__Required work__
Find every line in the records below that contains the word "crafts", and copy each such line.

──────── Material supplied

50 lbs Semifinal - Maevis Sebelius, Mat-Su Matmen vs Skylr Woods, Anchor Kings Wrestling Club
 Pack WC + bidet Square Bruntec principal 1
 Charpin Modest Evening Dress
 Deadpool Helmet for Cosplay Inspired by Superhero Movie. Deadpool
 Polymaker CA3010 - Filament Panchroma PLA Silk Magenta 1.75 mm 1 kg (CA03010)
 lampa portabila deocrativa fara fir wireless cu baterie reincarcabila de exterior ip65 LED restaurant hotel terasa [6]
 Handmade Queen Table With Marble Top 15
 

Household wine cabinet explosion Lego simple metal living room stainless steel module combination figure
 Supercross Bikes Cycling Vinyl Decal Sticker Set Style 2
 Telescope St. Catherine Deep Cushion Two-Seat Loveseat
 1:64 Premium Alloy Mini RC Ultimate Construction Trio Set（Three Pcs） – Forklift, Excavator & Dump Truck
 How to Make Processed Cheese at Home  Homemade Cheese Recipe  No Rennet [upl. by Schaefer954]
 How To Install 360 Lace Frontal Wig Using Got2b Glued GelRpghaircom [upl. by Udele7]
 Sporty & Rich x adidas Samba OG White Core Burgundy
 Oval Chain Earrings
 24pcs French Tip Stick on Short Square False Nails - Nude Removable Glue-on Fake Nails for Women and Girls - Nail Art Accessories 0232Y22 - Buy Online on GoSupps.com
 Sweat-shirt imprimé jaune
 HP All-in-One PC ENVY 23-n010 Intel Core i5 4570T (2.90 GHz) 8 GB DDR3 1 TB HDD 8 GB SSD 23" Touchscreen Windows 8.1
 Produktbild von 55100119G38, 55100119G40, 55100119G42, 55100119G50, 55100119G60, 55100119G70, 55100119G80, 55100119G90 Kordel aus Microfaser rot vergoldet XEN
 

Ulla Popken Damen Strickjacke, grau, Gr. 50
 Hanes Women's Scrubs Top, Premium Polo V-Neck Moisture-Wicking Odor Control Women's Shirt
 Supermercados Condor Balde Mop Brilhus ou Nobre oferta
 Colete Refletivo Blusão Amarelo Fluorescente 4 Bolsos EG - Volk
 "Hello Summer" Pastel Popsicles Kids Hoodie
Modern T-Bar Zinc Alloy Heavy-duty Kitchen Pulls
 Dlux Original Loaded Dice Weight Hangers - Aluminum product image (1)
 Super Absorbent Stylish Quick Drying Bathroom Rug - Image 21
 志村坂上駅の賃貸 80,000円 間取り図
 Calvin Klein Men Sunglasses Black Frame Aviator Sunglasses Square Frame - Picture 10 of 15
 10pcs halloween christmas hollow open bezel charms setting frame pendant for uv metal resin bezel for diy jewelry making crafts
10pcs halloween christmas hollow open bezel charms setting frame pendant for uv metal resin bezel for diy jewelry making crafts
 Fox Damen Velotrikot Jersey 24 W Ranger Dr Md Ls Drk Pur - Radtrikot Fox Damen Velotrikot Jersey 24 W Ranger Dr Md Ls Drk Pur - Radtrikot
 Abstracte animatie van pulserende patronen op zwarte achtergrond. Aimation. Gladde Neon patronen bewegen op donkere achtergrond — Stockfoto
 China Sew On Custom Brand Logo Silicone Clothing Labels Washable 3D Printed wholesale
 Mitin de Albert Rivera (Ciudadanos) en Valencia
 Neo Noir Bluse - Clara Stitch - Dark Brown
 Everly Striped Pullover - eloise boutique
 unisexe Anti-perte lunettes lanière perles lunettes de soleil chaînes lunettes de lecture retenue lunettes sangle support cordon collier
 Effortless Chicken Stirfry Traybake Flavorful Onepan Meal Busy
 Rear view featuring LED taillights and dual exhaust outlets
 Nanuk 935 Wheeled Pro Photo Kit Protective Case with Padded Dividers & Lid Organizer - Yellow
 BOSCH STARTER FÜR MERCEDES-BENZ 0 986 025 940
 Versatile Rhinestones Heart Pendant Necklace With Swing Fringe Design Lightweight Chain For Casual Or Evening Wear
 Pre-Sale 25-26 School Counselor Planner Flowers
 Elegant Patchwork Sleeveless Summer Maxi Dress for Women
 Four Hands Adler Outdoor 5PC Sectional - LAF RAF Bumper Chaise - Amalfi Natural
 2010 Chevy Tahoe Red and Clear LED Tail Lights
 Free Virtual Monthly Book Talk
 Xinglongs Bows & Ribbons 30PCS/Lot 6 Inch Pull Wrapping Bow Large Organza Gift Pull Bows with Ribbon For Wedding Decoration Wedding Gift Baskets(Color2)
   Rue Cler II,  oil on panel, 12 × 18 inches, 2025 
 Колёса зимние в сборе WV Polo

────────────────

__Written solution__
 10pcs halloween christmas hollow open bezel charms setting frame pendant for uv metal resin bezel for diy jewelry making crafts
10pcs halloween christmas hollow open bezel charms setting frame pendant for uv metal resin bezel for diy jewelry making crafts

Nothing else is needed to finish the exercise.